> **PROBLEM TO WORK ON**
Your answer must be exactly the lines from the one containing "English Bulldog dogs for sale: Banksy - Ad 7" through the end of the material, both ends included, without pictures.

> **DATASET CONTENT**
Segment Open

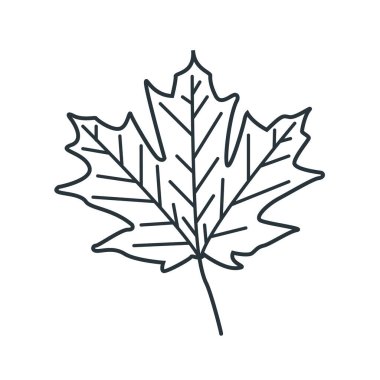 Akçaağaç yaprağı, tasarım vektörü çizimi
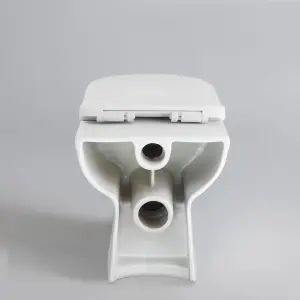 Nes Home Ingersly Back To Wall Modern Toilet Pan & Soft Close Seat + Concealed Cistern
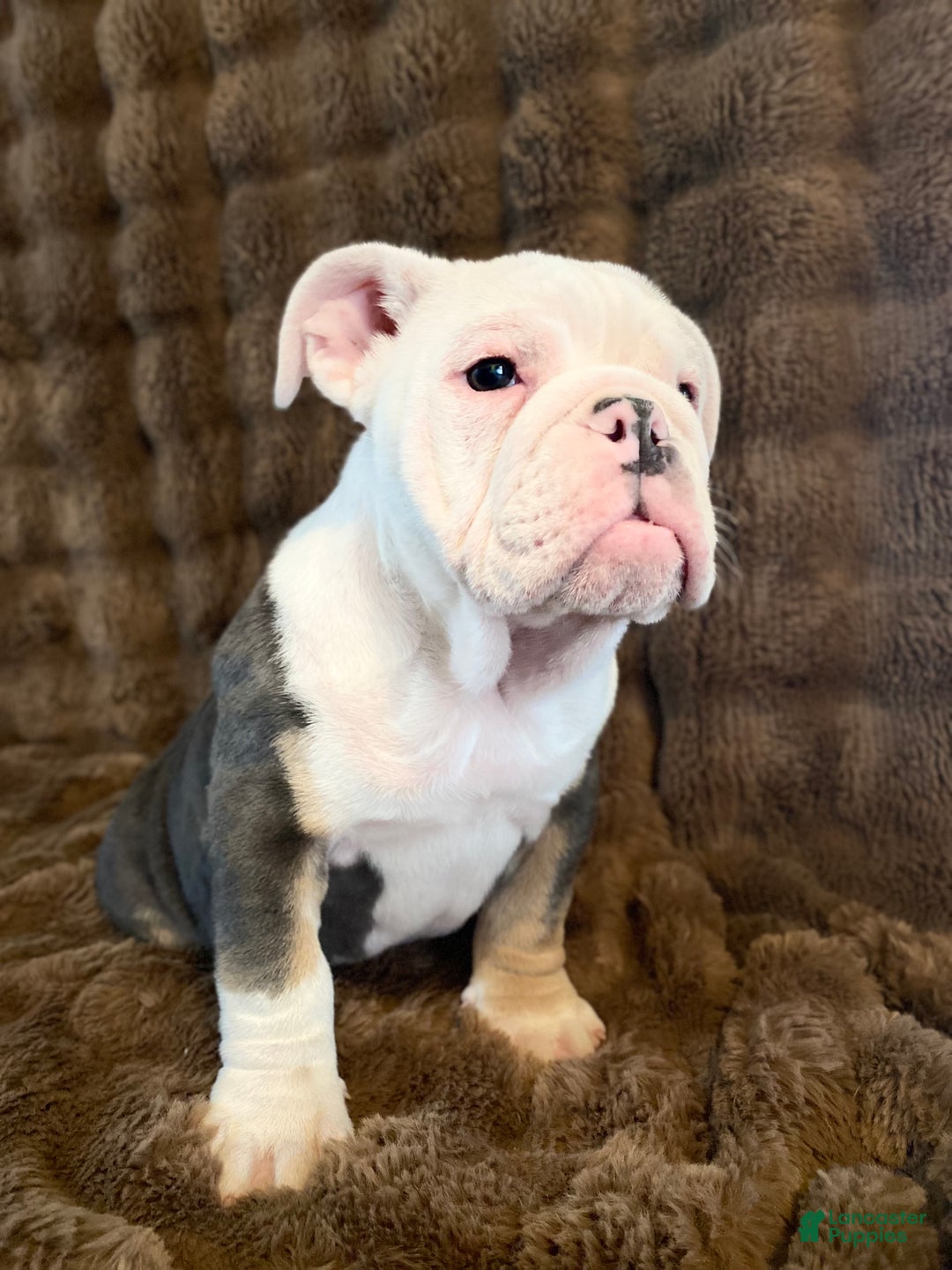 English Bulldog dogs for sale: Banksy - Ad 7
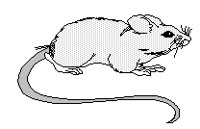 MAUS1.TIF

Segment Closed

> **OUTPUT OF THE TASK**
 English Bulldog dogs for sale: Banksy - Ad 7
 MAUS1.TIF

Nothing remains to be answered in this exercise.